# [INFORMATION GIVEN]
=== Begin Enclosure ===

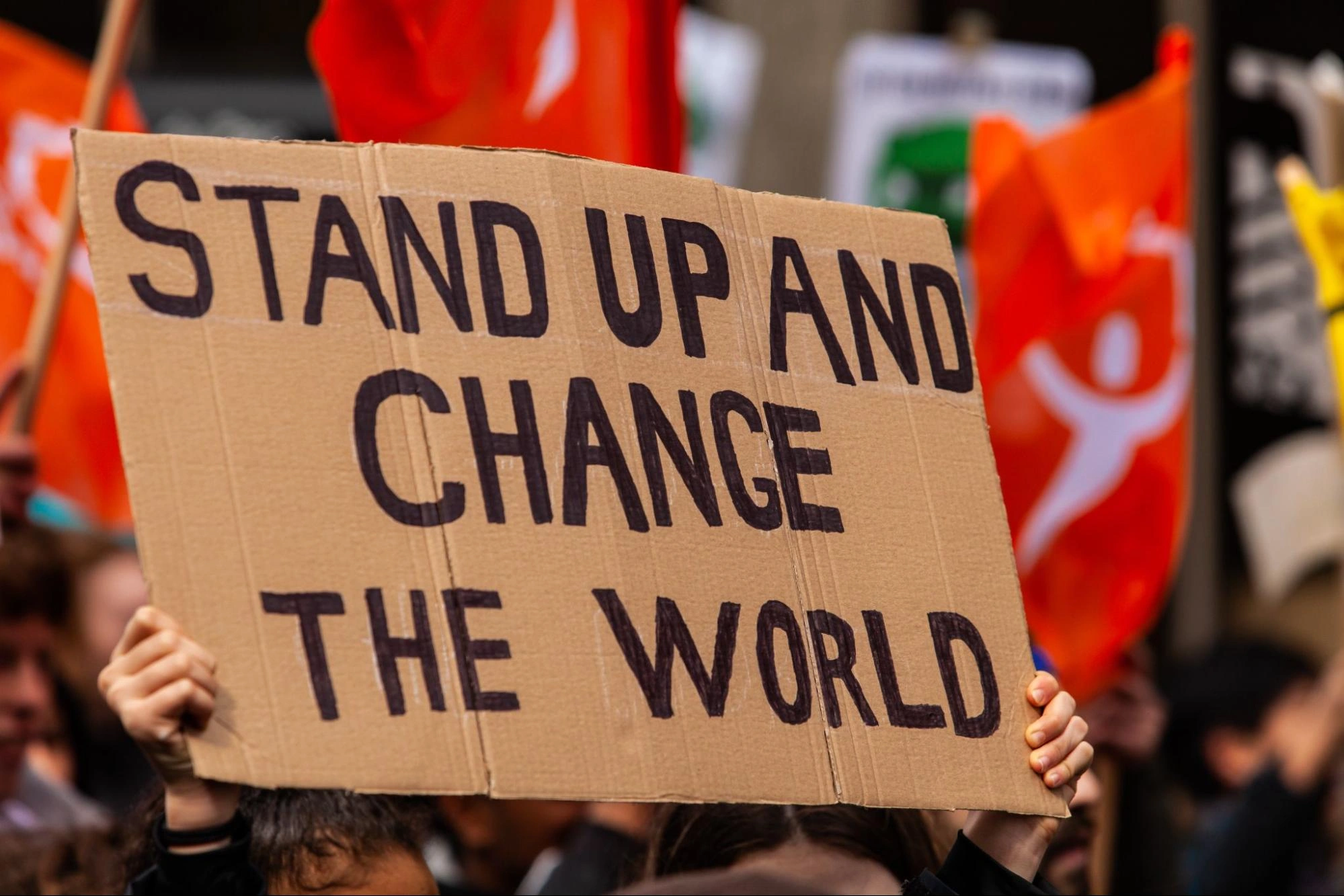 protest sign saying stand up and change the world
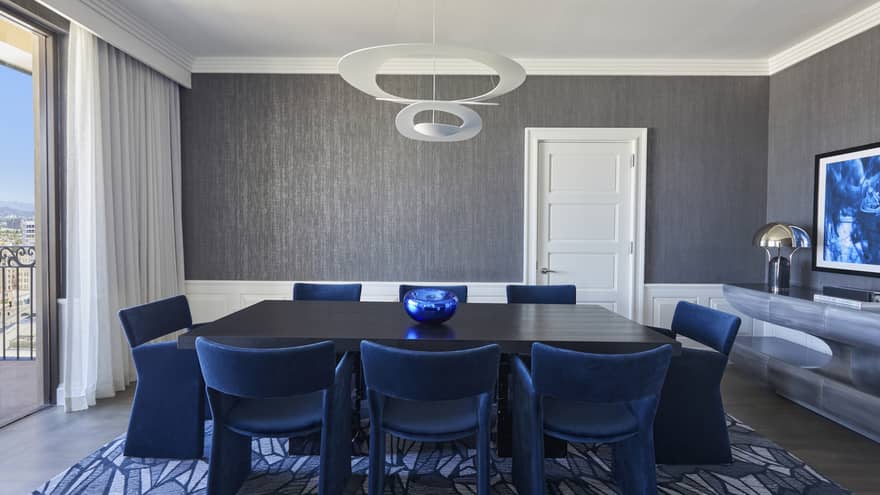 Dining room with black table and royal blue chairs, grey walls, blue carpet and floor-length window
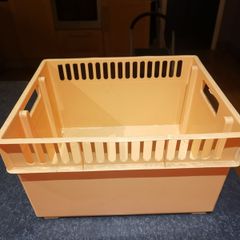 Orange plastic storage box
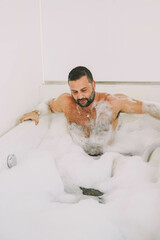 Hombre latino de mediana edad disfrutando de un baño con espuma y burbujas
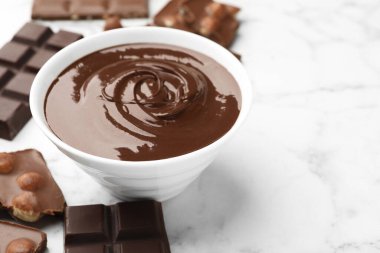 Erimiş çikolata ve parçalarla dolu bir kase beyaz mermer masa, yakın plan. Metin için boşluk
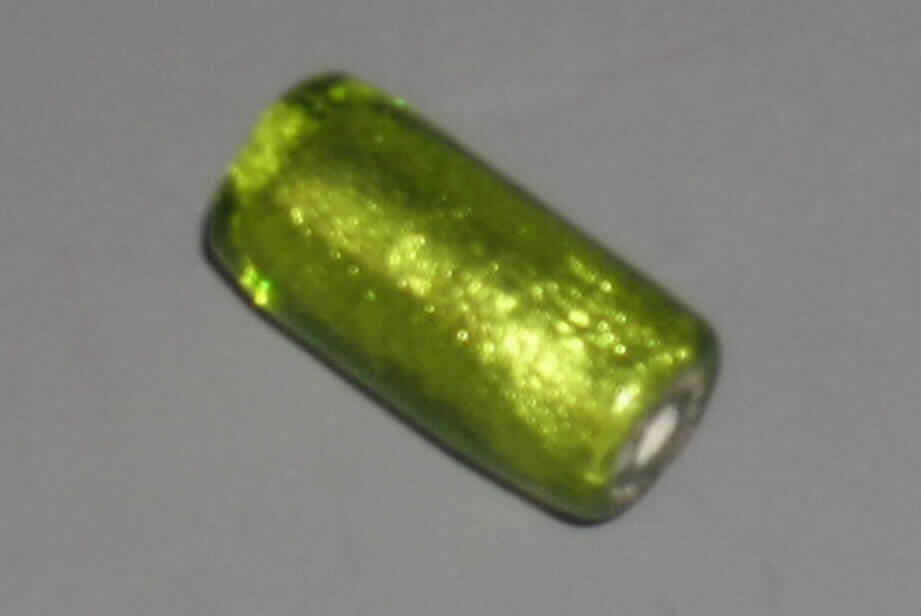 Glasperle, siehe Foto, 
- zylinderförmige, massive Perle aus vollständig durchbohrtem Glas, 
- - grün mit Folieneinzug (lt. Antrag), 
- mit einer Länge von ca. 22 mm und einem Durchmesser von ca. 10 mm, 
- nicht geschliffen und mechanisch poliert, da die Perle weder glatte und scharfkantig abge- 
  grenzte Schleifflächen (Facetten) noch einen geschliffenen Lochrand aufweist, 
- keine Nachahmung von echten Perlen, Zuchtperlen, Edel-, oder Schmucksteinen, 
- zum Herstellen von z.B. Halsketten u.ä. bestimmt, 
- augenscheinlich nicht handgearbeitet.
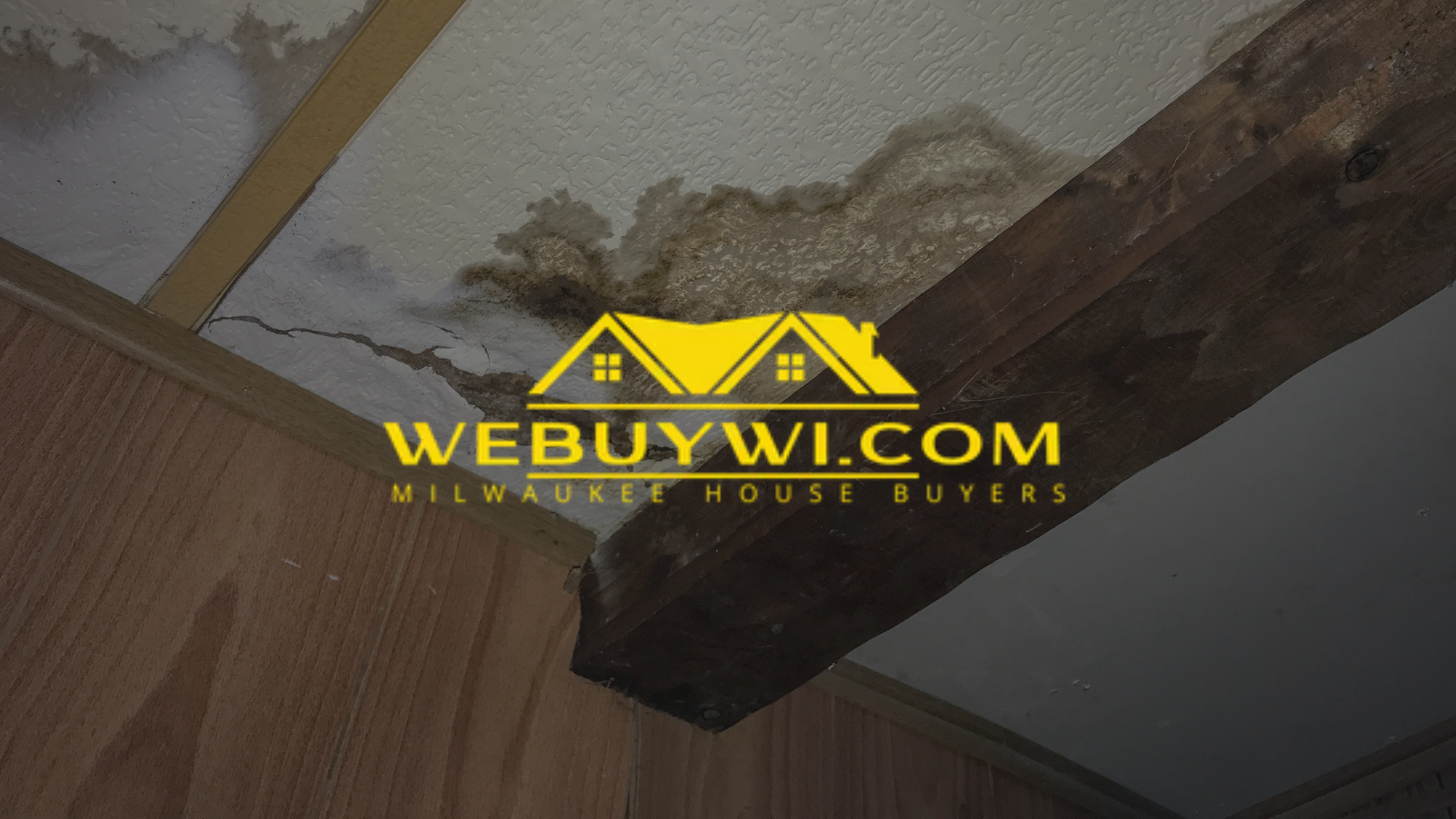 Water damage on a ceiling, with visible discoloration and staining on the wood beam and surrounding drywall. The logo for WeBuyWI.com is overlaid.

=== End Enclosure ===
=== Begin Enclosure ===

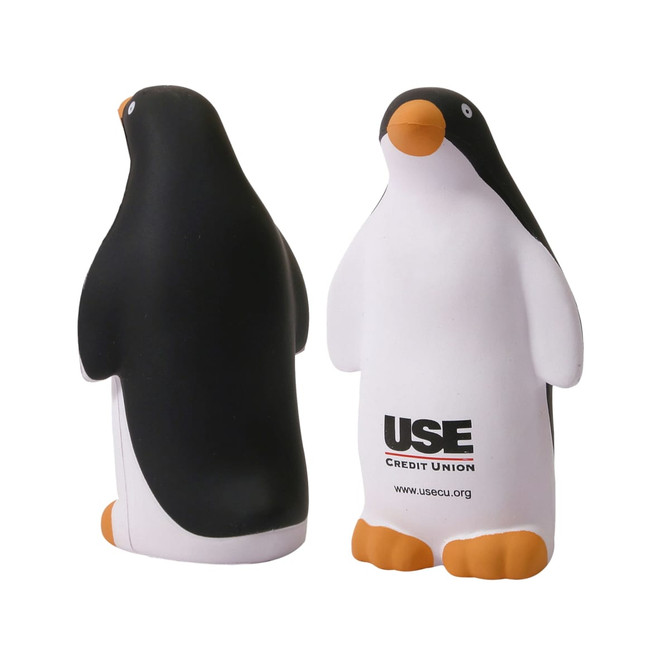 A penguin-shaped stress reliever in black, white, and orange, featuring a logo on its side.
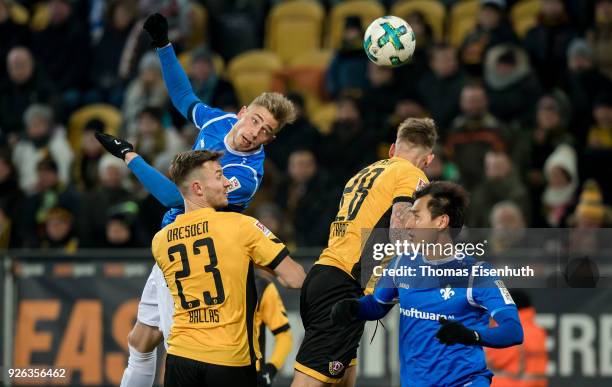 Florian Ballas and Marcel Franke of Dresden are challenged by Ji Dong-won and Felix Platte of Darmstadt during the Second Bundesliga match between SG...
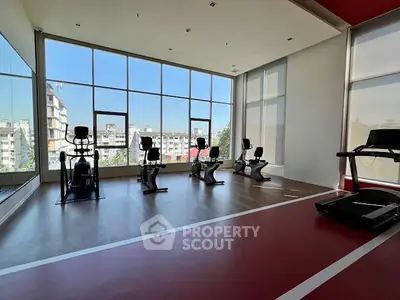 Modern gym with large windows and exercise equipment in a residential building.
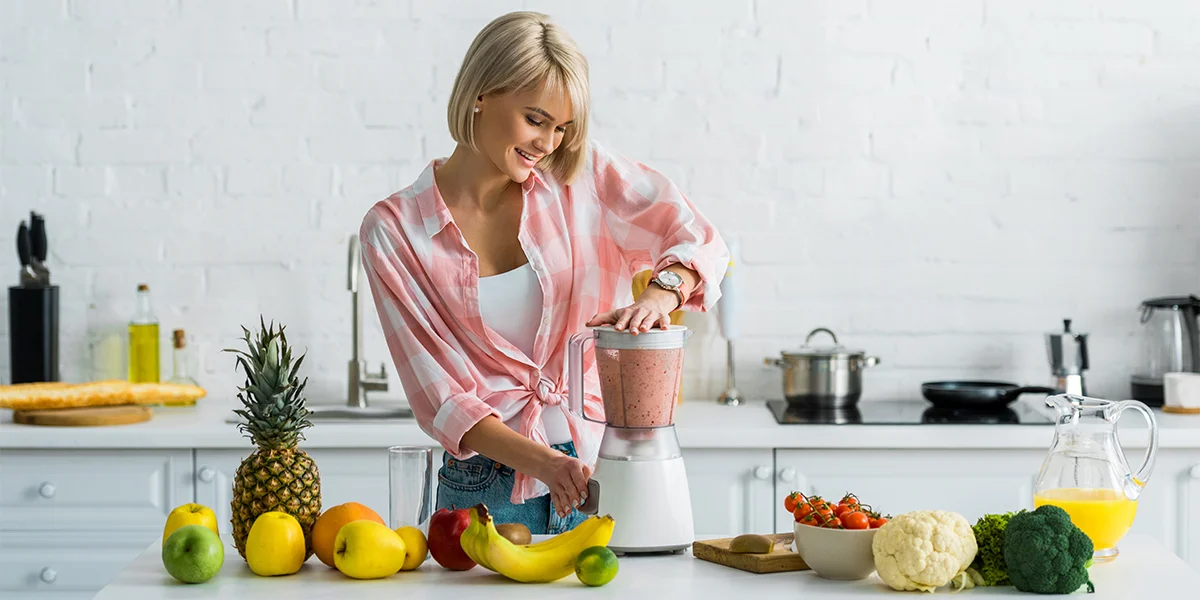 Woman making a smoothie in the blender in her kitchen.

=== End Enclosure ===

# [YOUR INSTRUCTIONS]
Everything from the line with "Modern gym with" down to the line with "Woman making a" in the data above should be copied exactly, with both end lines kept and the pictures left out.

# [SOLUTION TO THIS EXERCISE]
 Modern gym with large windows and exercise equipment in a residential building.
 Woman making a smoothie in the blender in her kitchen.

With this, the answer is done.